Task objective
In the material below, find the line with "Hello everyone. In" and the line with "So yeah, I mean, it's", then output both and every line between them exactly, omitting pictures.

Extracted material
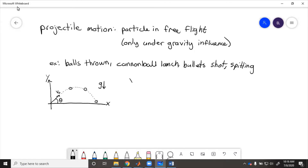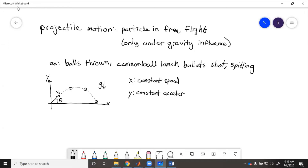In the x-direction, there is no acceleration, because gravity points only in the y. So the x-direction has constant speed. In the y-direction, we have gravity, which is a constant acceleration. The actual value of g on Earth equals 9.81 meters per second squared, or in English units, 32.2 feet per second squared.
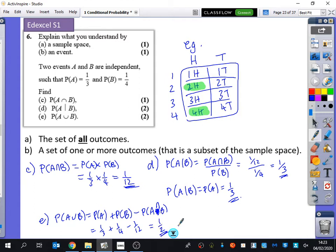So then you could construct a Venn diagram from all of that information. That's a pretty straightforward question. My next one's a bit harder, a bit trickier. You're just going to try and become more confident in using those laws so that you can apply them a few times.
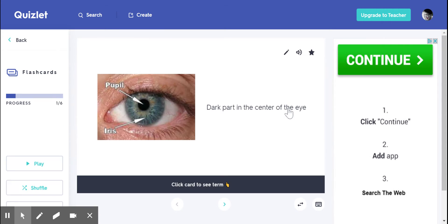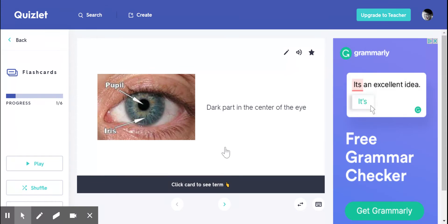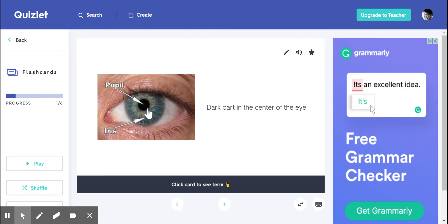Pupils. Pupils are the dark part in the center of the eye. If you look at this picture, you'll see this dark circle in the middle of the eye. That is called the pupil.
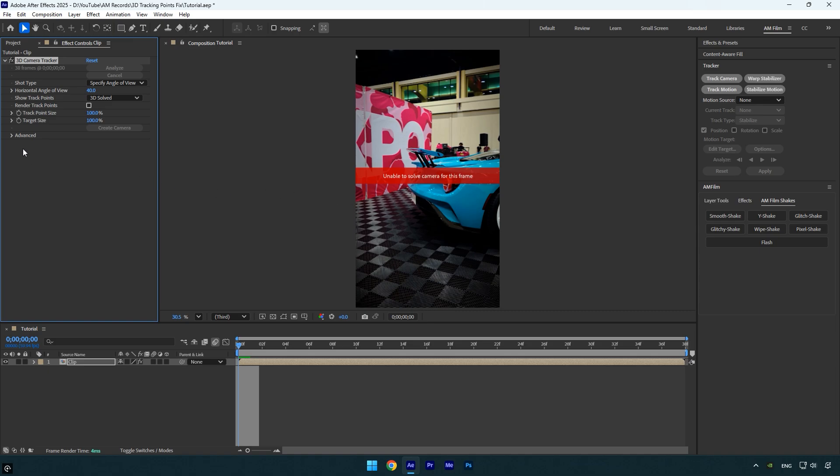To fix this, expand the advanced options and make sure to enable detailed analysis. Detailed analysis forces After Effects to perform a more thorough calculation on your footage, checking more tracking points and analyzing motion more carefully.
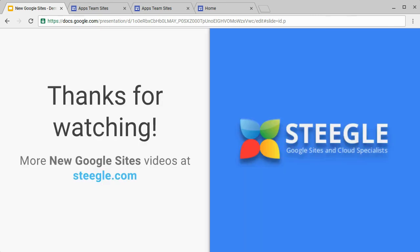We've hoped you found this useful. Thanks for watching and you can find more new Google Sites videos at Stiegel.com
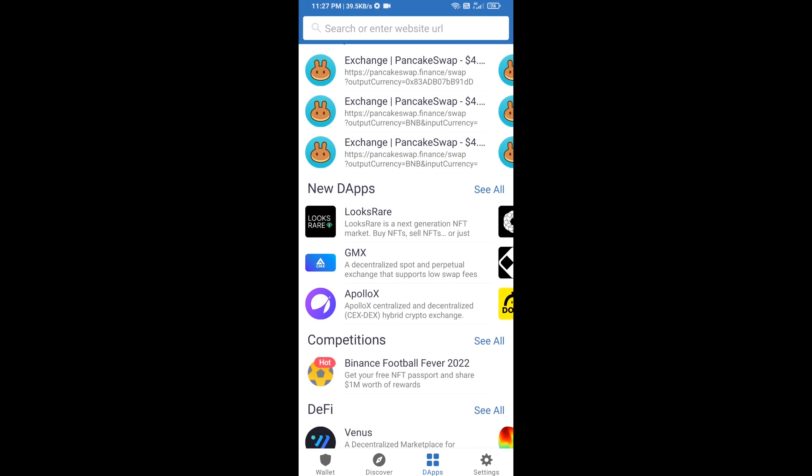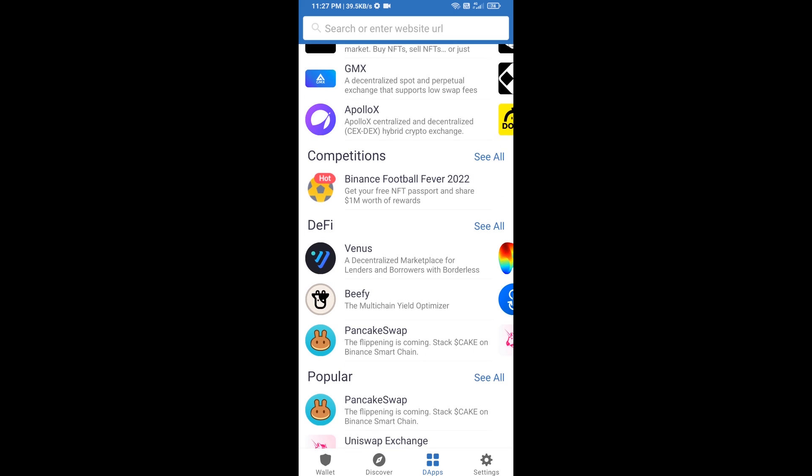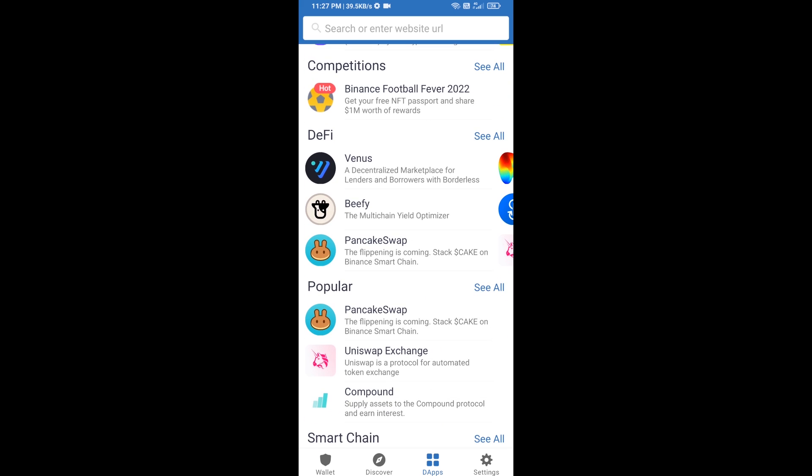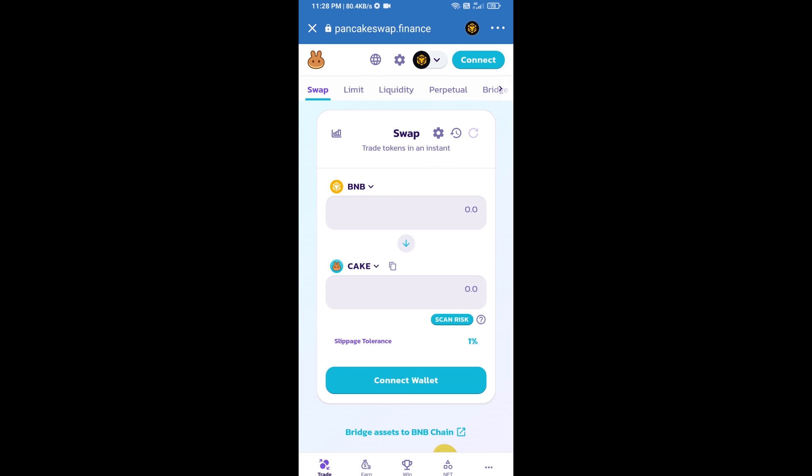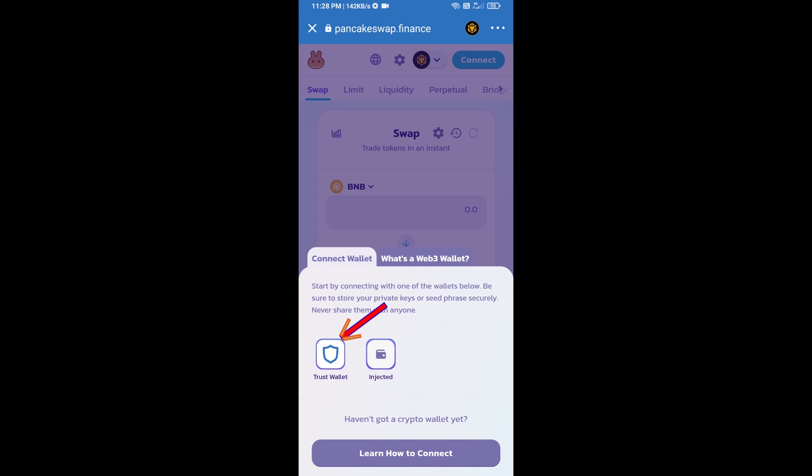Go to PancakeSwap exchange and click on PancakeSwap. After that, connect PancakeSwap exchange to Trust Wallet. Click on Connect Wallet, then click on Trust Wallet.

--

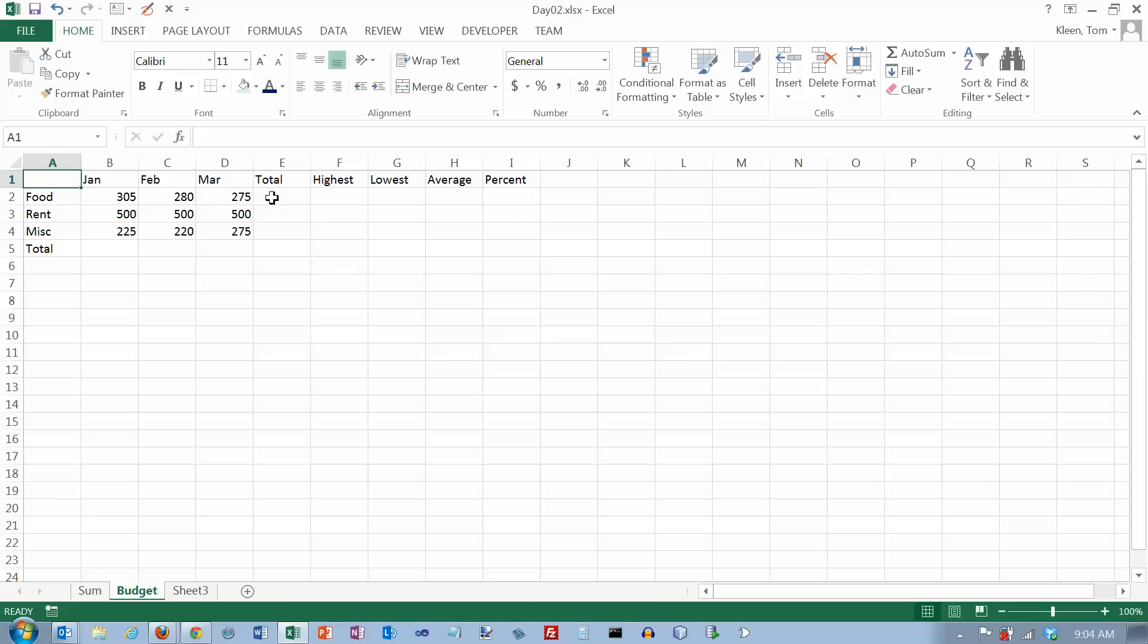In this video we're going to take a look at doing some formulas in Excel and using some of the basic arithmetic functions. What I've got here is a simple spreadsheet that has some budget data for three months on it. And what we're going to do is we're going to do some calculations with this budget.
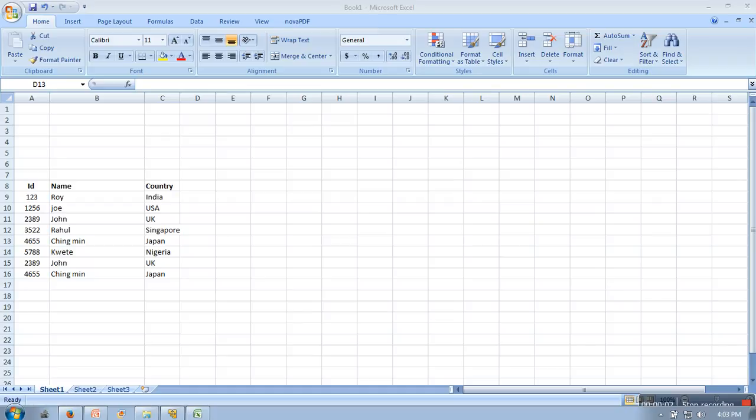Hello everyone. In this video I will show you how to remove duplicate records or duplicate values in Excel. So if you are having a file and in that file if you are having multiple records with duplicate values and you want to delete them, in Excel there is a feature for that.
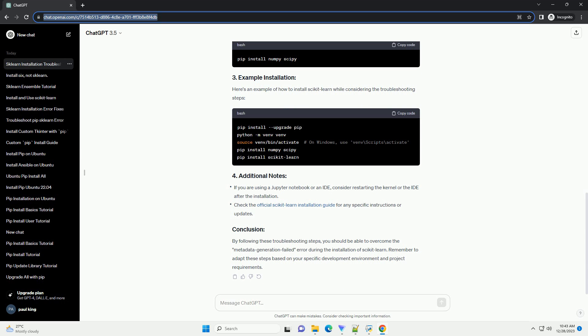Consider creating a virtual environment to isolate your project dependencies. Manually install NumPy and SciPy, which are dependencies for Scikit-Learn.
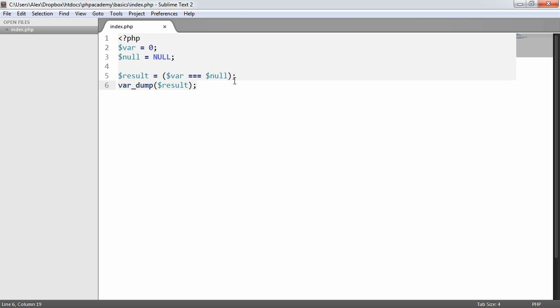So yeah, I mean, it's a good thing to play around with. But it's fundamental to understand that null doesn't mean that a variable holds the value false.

Answer to the exercise
Hello everyone. In this video I will show you how to remove duplicate records or duplicate values in Excel. So if you are having a file and in that file if you are having multiple records with duplicate values and you want to delete them, in Excel there is a feature for that.
Consider creating a virtual environment to isolate your project dependencies. Manually install NumPy and SciPy, which are dependencies for Scikit-Learn.
So yeah, I mean, it's a good thing to play around with. But it's fundamental to understand that null doesn't mean that a variable holds the value false.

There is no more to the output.